Tu amènes avec toi un des plus chaleureux moments de l’année où règnent joie et festivités. Décorer le sapin en le parant de ses plus beaux atours tout en écoutant du Michael Bublé est une activité que je prends plaisir à réaliser. Observer Anna-May s’émerveiller devant les lumières scintillantes et l’entendre me demander de les allumer pour son plus grand bonheur me ravit. Visionner des films où l’on célèbre le temps des fêtes est une tradition par ici. Souligner l’anniversaire de ma fille ainsi que le mien ajoute au fait que je t’apprécie.

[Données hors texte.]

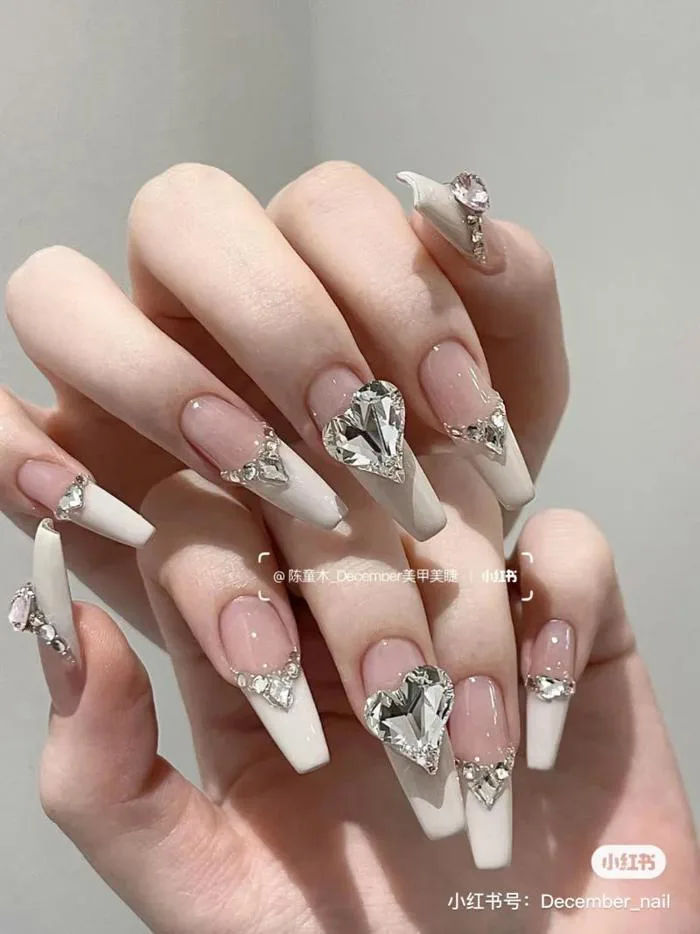 99+ Mẫu nail sơn French đầu móng trắng đẹp, thanh lịch, cuốn hút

Malgré tout cela, ton règne doit s’achever. Surtout, n’aie aucun regret. Tu as su briller et te démarquer comme à chaque moment où tu réapparais. Tu nous as gâtés plusieurs fois avec tes grands froids et tes nombreuses tempêtes, peut-être un peu trop parfois. Bien que je t’affectionne particulièrement, je dois t’avouer être enthousiaste à l’arrivée du printemps. Je sens que tu n’es pas prêt à nous quitter, mais tu dois maintenant céder ta place à la saison du renouveau. Je sais que nous nous retrouverons bientôt, alors pourquoi t’éterniser? Va te reposer et laisse la chaleur rayonner. Laisse au printemps le bonheur de voir les bourgeons fleurir, d’entendre les oiseaux chanter et d’observer la nature renaître de ses cendres. Laisse à la terre la possibilité d’absorber ta blancheur pour laisser place aux tapis de mousse verdoyants. Va et pars maintenant. Je t’en supplie. Après tout, ce n’est qu’un aurevoir.